L’inertie n’est plus une option. L’Union africaine (UA) a marqué un tournant avec l’adoption, en 2024, de la Stratégie continentale d’intelligence artificielle et du Pacte numérique africain. Ces textes posent les fondations d’une vision panafricaine pour une IA éthique, au service du développement et de la protection des identités culturelles. Mais une stratégie n’a de valeur que si elle se traduit en lois concrètes et contraignantes. L’Afrique a désormais besoin de son propre Africa AI Act.

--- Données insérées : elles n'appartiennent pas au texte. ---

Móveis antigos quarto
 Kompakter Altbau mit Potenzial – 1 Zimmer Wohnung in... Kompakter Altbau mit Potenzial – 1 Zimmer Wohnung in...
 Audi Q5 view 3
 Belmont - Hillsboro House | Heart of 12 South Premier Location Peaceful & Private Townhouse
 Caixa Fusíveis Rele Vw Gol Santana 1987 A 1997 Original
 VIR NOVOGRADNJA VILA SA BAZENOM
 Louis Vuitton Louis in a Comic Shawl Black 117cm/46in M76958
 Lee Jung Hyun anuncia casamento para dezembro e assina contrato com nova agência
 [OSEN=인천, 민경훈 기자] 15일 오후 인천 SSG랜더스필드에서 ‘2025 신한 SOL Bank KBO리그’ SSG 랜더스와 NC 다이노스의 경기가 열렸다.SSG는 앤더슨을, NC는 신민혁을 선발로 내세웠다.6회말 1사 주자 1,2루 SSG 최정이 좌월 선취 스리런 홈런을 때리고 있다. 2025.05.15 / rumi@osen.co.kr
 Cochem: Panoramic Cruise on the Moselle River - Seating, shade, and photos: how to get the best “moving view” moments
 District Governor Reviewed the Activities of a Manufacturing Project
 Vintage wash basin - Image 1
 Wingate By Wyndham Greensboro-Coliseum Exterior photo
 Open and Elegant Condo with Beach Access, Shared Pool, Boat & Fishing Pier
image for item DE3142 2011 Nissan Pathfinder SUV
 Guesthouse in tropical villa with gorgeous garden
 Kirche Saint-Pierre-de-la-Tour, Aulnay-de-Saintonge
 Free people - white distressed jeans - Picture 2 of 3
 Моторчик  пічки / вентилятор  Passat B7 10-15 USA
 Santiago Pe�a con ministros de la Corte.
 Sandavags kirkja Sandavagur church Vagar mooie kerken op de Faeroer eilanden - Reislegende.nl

Ce cadre ne doit pas être une simple copie du modèle européen, centré sur la réduction des risques. Il doit être proactif et incitatif, en définissant une classification claire des risques et des “bacs à sable réglementaires” favorisant l’expérimentation. Surtout, il doit harmoniser les législations pour créer un marché unique de l’IA, où une solution conçue à Lagos puisse être déployée du Caire à Johannesburg. C’est à ce prix que le continent attirera les investissements et verra émerger des champions technologiques panafricains.
Cependant, la législation ne suffira pas. La véritable souveraineté numérique réside dans la maîtrise humaine. L’Afrique, continent jeune, doit offrir à sa jeunesse l’accès aux infrastructures et aux formations de pointe nécessaires pour concevoir, développer et posséder la technologie. L’UA doit piloter une stratégie d’investissement autour de trois piliers : l’éducation, le financement et l’infrastructure.
Cela passe par la création de pôles d’excellence en data science, d’un Fonds d’innovation panafricain pour soutenir les startups de l’IA liées à l’Agenda 2063, et par la modernisation des réseaux et de l’énergie afin de garantir un accès équitable à l’Internet et à l’électricité.
L’Afrique doit cesser d’être le terreau fertile des données pour devenir l’atelier de l’innovation et le laboratoire éthique de l’IA mondiale. En élaborant un cadre protecteur et ambitieux, et en investissant dans son capital humain, le continent peut non seulement rattraper son retard, mais aussi définir un modèle d’intelligence artificielle plus humain, inclusif et équitable. L’heure n’est plus à la délibération, mais à la concrétisation : le destin algorithmique de l’Afrique est entre nos mains.